Epoch 0, Total Error: 1
Epoch 1000, Total Error: 1
Epoch 2000, Total Error: 1
Epoch 3000, Total Error: 1
Epoch 4000, Total Error: 1
Epoch 5000, Total Error: 1
Epoch 6000, Total Error: 1
Epoch 7000, Total Error: 1
Epoch 8000, Total Error: 1
Epoch 9000, Total Error: 1


Forward Propagation:

hidden_layer_input: The weighted sum of the inputs for the hidden layer. This is calculated by performing matrix multiplication (np.dot(X, w1)) and adding the bias (b1).

The shape of hidden_layer_input is (4, 4) since there are 4 data points and 4 hidden neurons.

hidden_layer_output: The output of the hidden layer, which is obtained by applying the step_function (activation function) to hidden_input.

output_layer_input: The weighted sum of the inputs to the output layer. This is calculated by performing matrix multiplication (np.dot(hidden_layer_output, w2)) and adding the bias (b2).

The shape of output_layer_input is (4, 1) since there are 4 data points and 1 output neuron.

predicted_output: The final output of the network, which is obtained by applying the step_function to output_input.


Backpropagation (Weight Updates):

Compute gradients (d_output and d_hidden) for adjusting weights.
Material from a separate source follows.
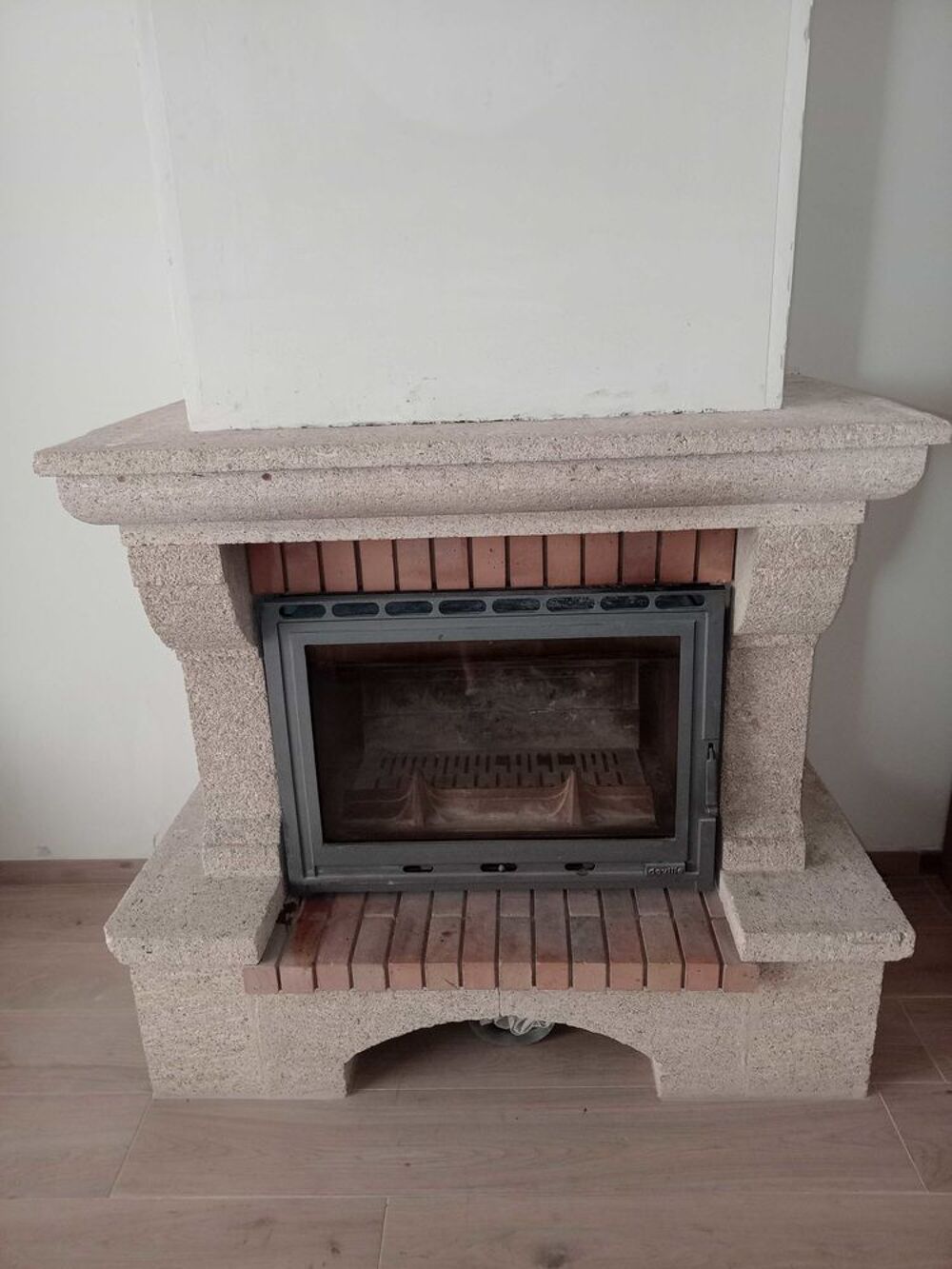 Chemin&eacute;e + insert Décoration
Update W1, W2, b1, and b2 using gradient descent.

In [15]:
# Final predictions and accuracy
predictions = step_function(np.dot(step_function(np.dot(X, weights_input_hidden)), weights_hidden_output))
print(predictions)
accuracy = np.mean(predictions == y) * 100  # Accuracy as percentage
print(f"Accuracy: {accuracy}%")

[[0]
 [1]
 [1]
 [1]]
Accuracy: 75.0%


My Comments:-

The predictions [0, 1, 1, 0] correspond to the XOR outputs for the inputs [0, 0], [0, 1], [1, 0], [1, 1] respectively.
If the accuracy is 100%, meaning the network successfully learned the XOR function.

you can also use Gradient Descent method instead of perceptron learning rule for Backpropagation or Update the wights.

You can adjust the number of epochs, learning rate, or other parameters for better performance, but this should work well for the XOR problem.

Accuracy:- The percentage of correct predictions after training.

This implementation demonstrates how an MLP with a single hidden layer can learn the XOR function using the perceptron learning rule.